## DIRECTIONS
In the data that follows, find the line with "We test the products to"; transcribe it, every later line up to the one with "Closures can be", and that line as well, exactly and with no others.
(AVAILABLE DATA Opens)
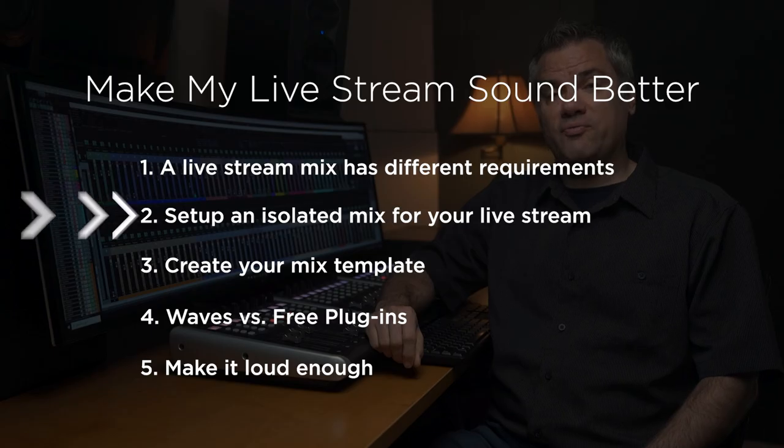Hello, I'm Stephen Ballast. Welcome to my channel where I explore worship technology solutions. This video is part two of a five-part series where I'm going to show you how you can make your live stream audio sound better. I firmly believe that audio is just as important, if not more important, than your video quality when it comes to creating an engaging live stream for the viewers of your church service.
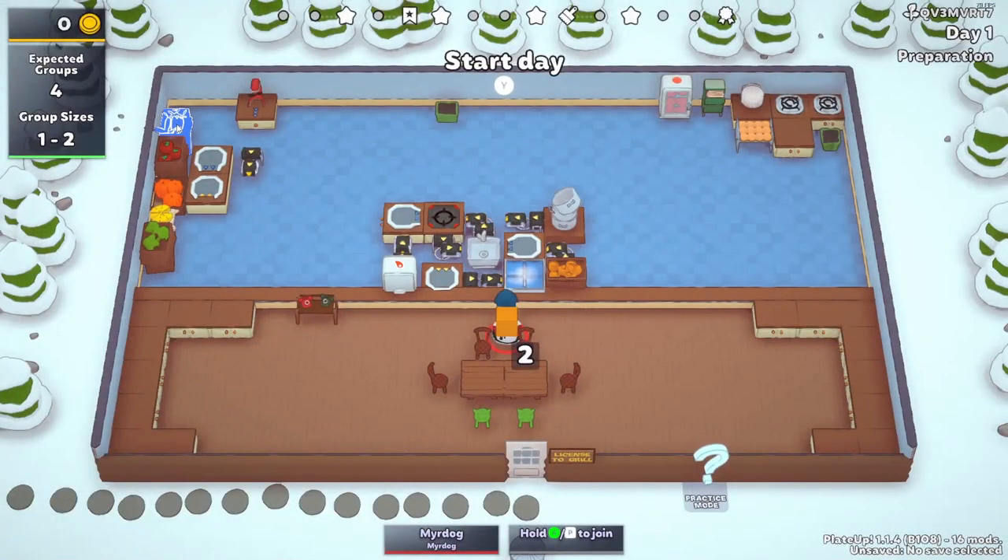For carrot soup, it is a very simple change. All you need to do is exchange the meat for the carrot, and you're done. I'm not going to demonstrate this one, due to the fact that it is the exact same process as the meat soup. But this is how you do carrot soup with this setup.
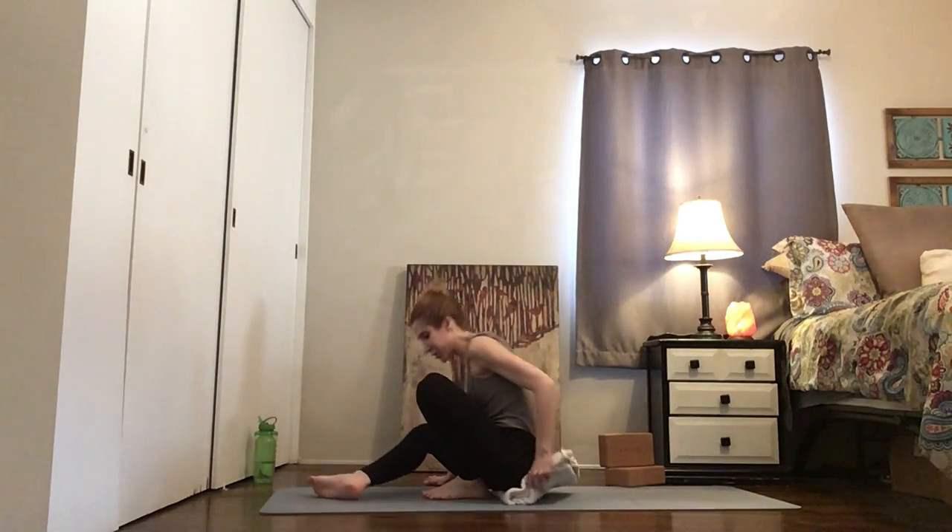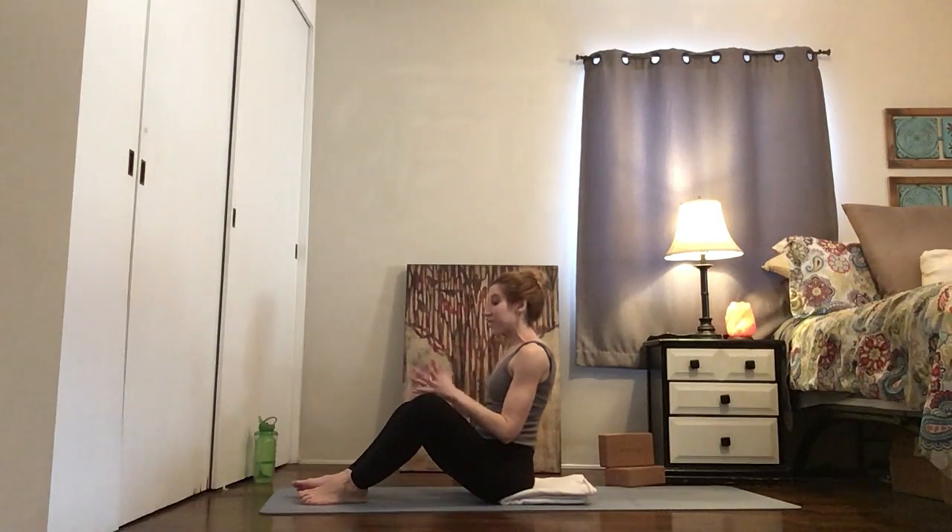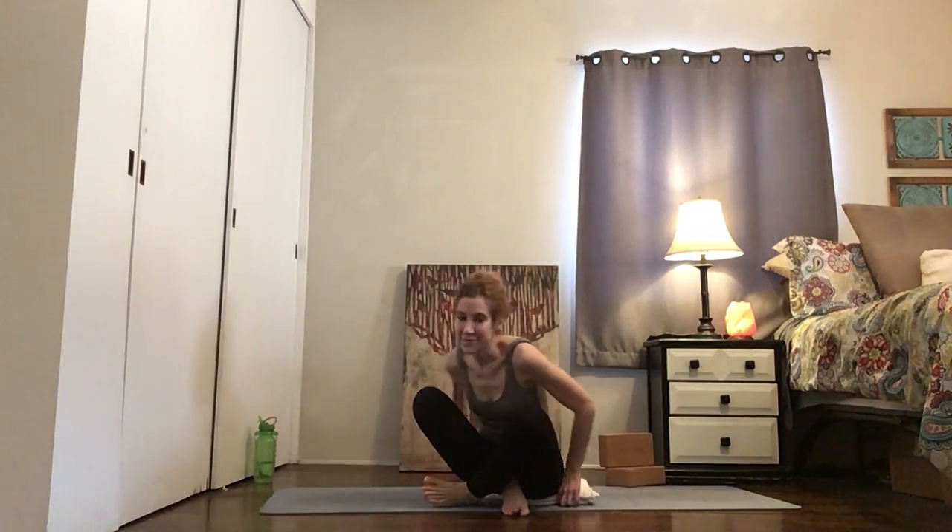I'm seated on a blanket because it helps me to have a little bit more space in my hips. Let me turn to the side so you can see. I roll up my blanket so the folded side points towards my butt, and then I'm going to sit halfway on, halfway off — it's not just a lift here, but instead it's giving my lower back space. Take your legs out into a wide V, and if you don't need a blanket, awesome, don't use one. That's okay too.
(AVAILABLE DATA Closes)
(AVAILABLE DATA Opens)
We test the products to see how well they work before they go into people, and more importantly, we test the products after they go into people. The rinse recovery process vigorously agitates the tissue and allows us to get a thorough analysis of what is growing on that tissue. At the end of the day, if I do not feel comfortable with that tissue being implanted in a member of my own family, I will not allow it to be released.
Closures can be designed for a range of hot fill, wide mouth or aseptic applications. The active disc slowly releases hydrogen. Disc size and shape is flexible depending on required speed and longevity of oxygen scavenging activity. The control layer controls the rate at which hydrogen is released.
(AVAILABLE DATA Closes)
(AVAILABLE DATA Opens)
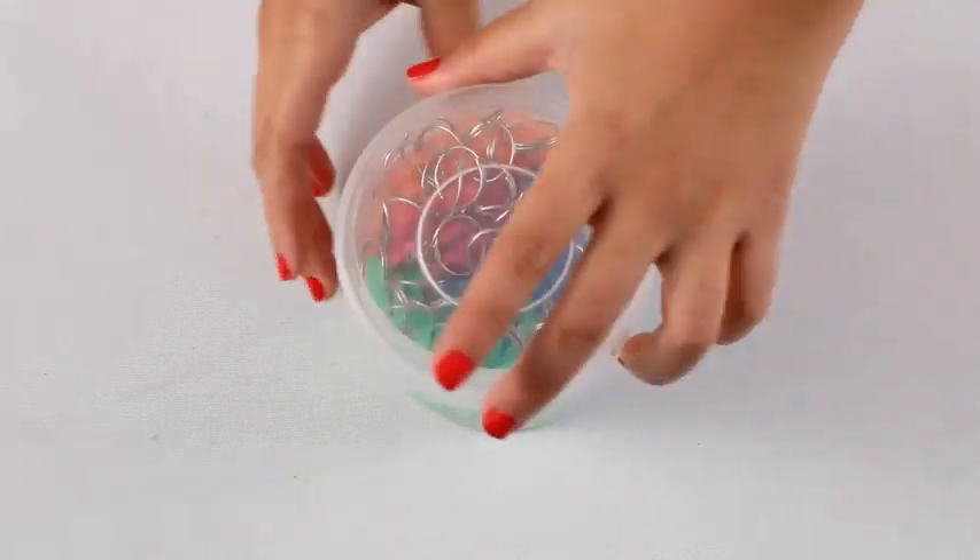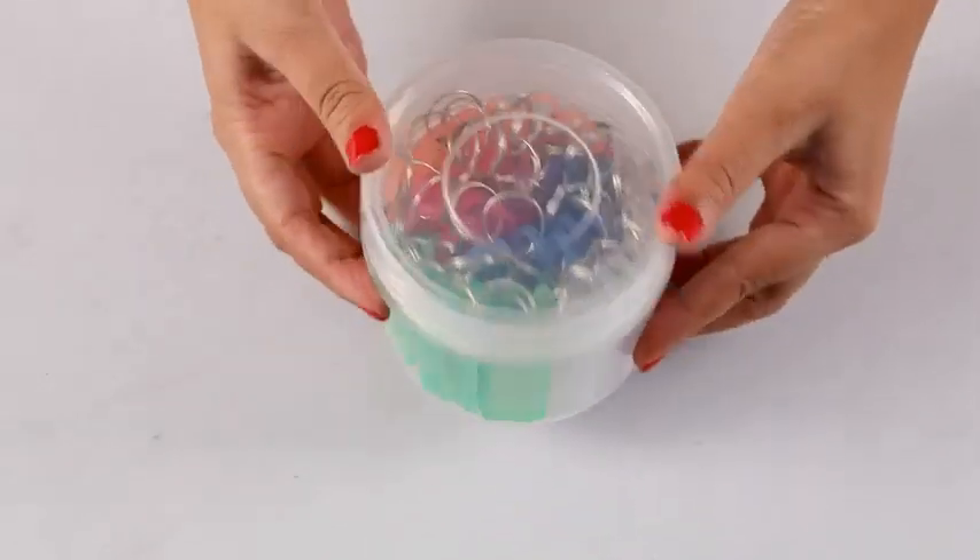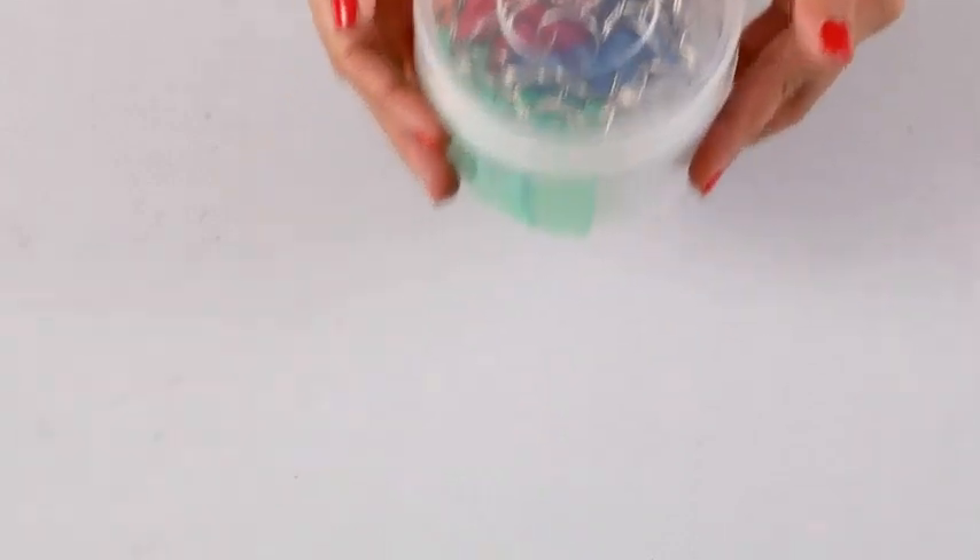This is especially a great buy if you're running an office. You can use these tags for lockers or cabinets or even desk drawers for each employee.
(AVAILABLE DATA Closes)
## ANSWER TO THIS PROBLEM
We test the products to see how well they work before they go into people, and more importantly, we test the products after they go into people. The rinse recovery process vigorously agitates the tissue and allows us to get a thorough analysis of what is growing on that tissue. At the end of the day, if I do not feel comfortable with that tissue being implanted in a member of my own family, I will not allow it to be released.
Closures can be designed for a range of hot fill, wide mouth or aseptic applications. The active disc slowly releases hydrogen. Disc size and shape is flexible depending on required speed and longevity of oxygen scavenging activity. The control layer controls the rate at which hydrogen is released.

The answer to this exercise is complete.